Saturday, August 5, 2017

Airline Deregulation Act & Air Ambulance Services as Analogue to ERISA Preemption

It is one thing for a federal law containing federal remedies for wrongs to preempt state law. It is quite another for a federal law containing no substantive remedies to supplant state law containing substantive remedies. ERISA preemption poses problems in the legal world precisely because so many forms of employee welfare benefit plans cannot be substantively regulated by the states. As a result of ERISA’s substantive emptiness in this respect, employee welfare benefits go substantively unregulated. ERISA preemption is one of the underappreciated reasons (except by “insiders”) for the United States’ inability to achieve modern health care regulation. But except for some esoteric scenarios – such as those in play in the Oklahoma opt-out scenario – ERISA does not cause workers’ compensation regulators too many headaches. The reason? Plans created solely for the purpose of complying with state workers’ compensation laws are not covered by ERISA, and therefore may be regulated by the states.

The Airline Deregulation Act covers air ambulance services. It emptily preempts attempts by state workers’ compensation regulators to set rates—any rates—applicable to the ambulance carriers, who are apparently under the ADA’s jurisdiction. The ADA provides that states “may not enact or enforce a law, regulation, or other provision having the force and effect of law related to a price, route, or service of an air carrier ...” 49 U.S.C. § 41713(b). (The “related to” phraseology is reminiscent of ERISA’s preemption provision). In keeping with the Airline Deregulation Act's (ADA’s) aim to achieve maximum reliance on competitive market forces, Congress sought to ensure that the states would not undo federal deregulation with regulation of their own by including a preemption provision prohibiting states from enacting or enforcing any law related to a price, route, or service of an air carrier.  Dan's City Used Cars, Inc. v. Pelkey, 569 U.S. 251 (2013).  Thus, the ADA’s purpose is explicitly de-regulatory, while it might be argued that ERISA’s preemption of employee welfare benefit plans was less deliberately de-regulatory and motivated more by a desire to avoid conflict between regulatory regimes.

Although the recent air ambulance controversy in Texas, the Air Evac EMS matter, was temporarily grounded in state immunity questions, it underscores two pivotal points respecting all preemption litigation. The first pivotal point has to do with courts’ grappling with preemption provisions that are occasionally startlingly broad. It is interesting to observe avowed judicial textualists arguing that courts should not greet clear statutory language with an “uncritical literalism.” I thought the whole point of textualism is that text should be given its literal meaning if it can be ascertained. One may be perplexed by the phrase “related to,” but the consternation comes from knowing exactly what the words mean.

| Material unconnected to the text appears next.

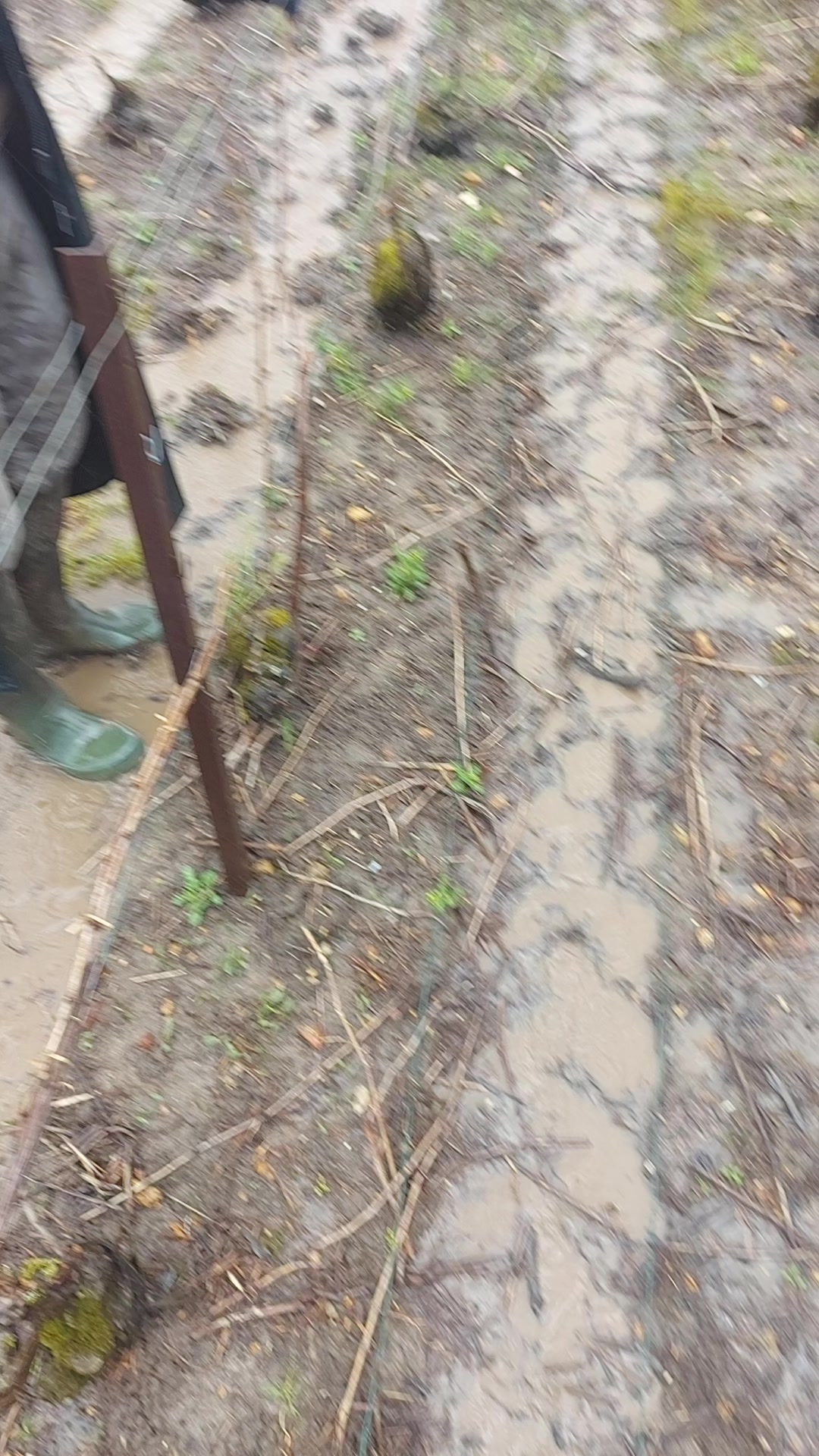 @Maxime Boboz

The second pivotal point has to do with the forum for the resolution of preemption questions. I think it is fair to say that one who intends to rely on preemption as a defense to the imposition of a substantive state remedy would prefer that a federal court decide the case. After all, state courts do not routinely hear preemption cases and may have great respect for their state legislatures’ policy objectives. The problem is that with very few exceptions (one of which is ERISA) preemption claims are “defensive” and may not be used offensively as a vehicle to create federal jurisdiction where none would otherwise exist. Thus, under the “well-pleaded” complaint rule, the plaintiff is master of both the complaint and the forum (federal-state) in which the controversy will be heard. Accordingly, a state court may be placed in the position of deciding (to borrow from a recent example) whether federal immigration law preempts state law. The defendant will not be surprised to hear that the state court’s answer is “no.” (Echoes of the Erie Doctrine here?). So, there is a struggle by the defendant to get into federal court and no effective, predictable way to appeal a determination that the matter must be heard in state court. (The primary exceptions to the rule are ERISA and section 301 LMRA preemption).

But what if one is not the defendant? The gambit in the Air Evac EMS case was for the plaintiff-parties to seek federal preemption by way of declaratory relief in federal court under the authority of Shaw v. Delta Airlines. Does this mean that in every case in which a party would be disallowed a federal court forum as a defendant, it could escape the outcome by becoming a plaintiff in a declaratory action? If so, I am left wondering if the same course might have been followed by Dillard’s. In any event, no doubt to the confusion of many onlookers, the preemption question in Air Evac EMS has not even been reached. There was simply resolution of a threshold jurisdictional question of whether the out-of state plaintiffs could sue state officials under the 11th Amendment. The answer is yes. To explain why will require another post, however, and I have miles to go before I sleep.